- [Raw data]
* * * *

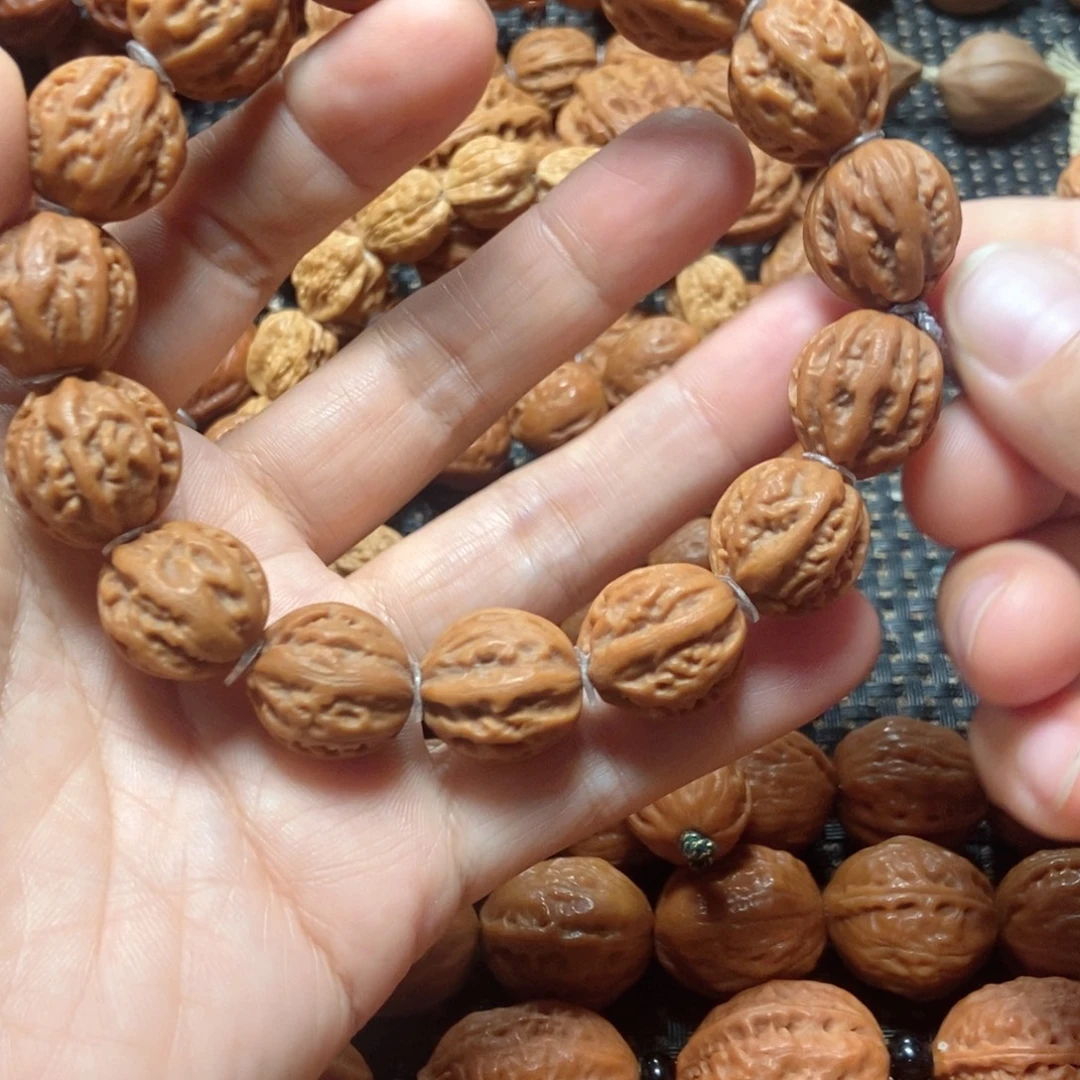 孟***源吊坠文玩核桃京八棱手串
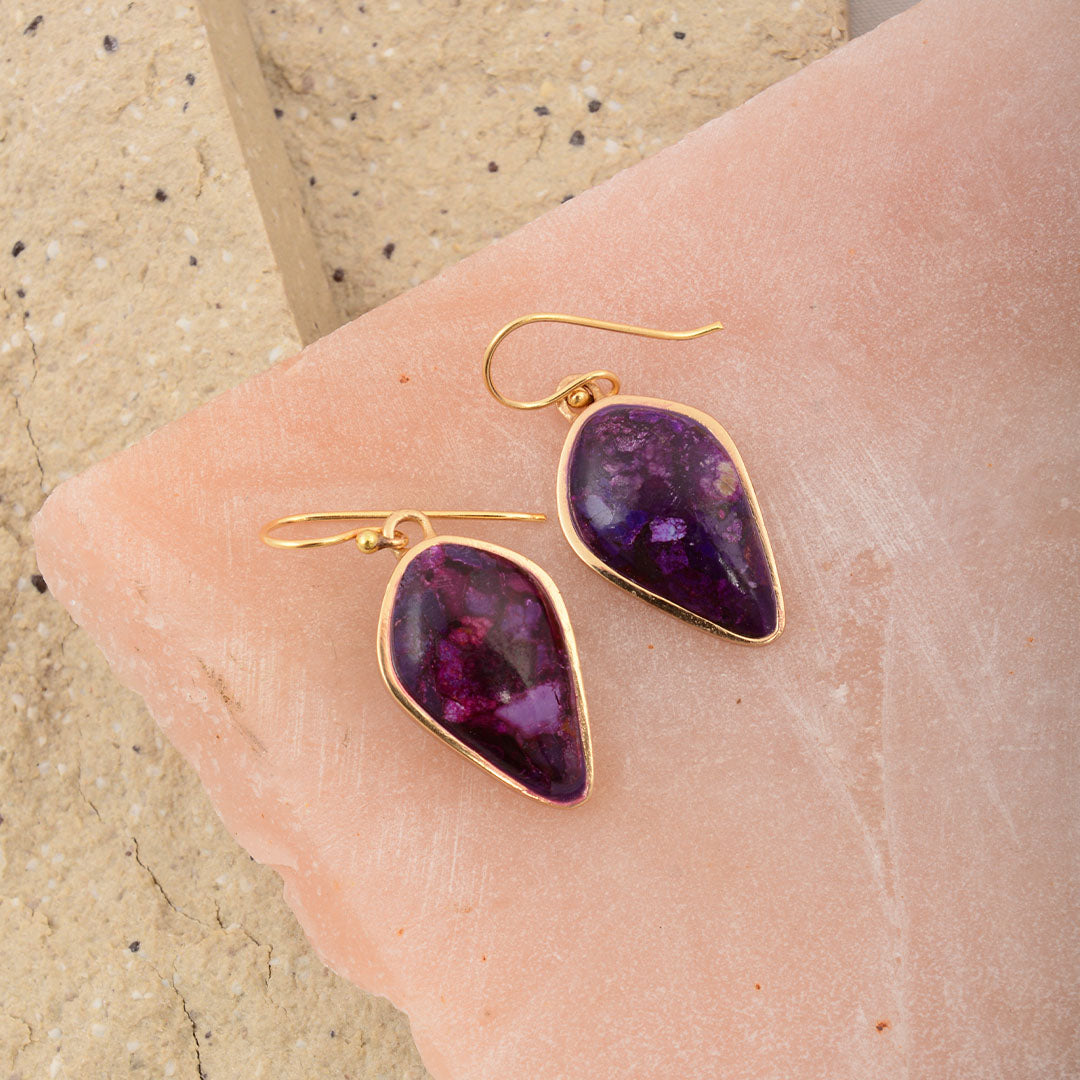 Purple teardrop earrings with gold hooks on a person's ear against a beige background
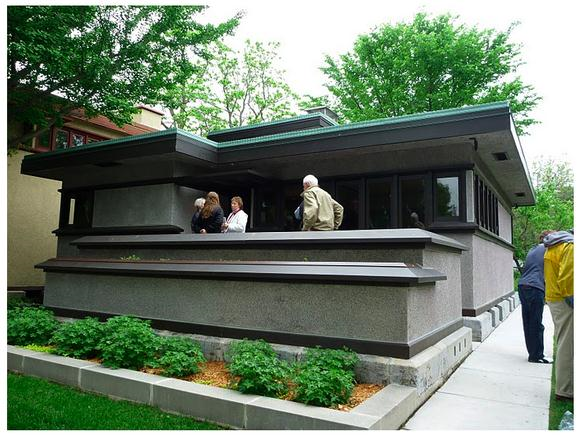 The Arthur L. Richards Small House Grey house with people on the front porch.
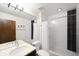 Bright bathroom featuring a large mirror and tiled bathtub and shower at 3727 Tejon St, Denver, CO 80211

* * * *

- [Task to complete] Leave the pictures out, and copy exactly each line from the one containing "The Arthur L." through the final line of the data.

- [Solution for this exercise]
 The Arthur L. Richards Small House Grey house with people on the front porch.
 Bright bathroom featuring a large mirror and tiled bathtub and shower at 3727 Tejon St, Denver, CO 80211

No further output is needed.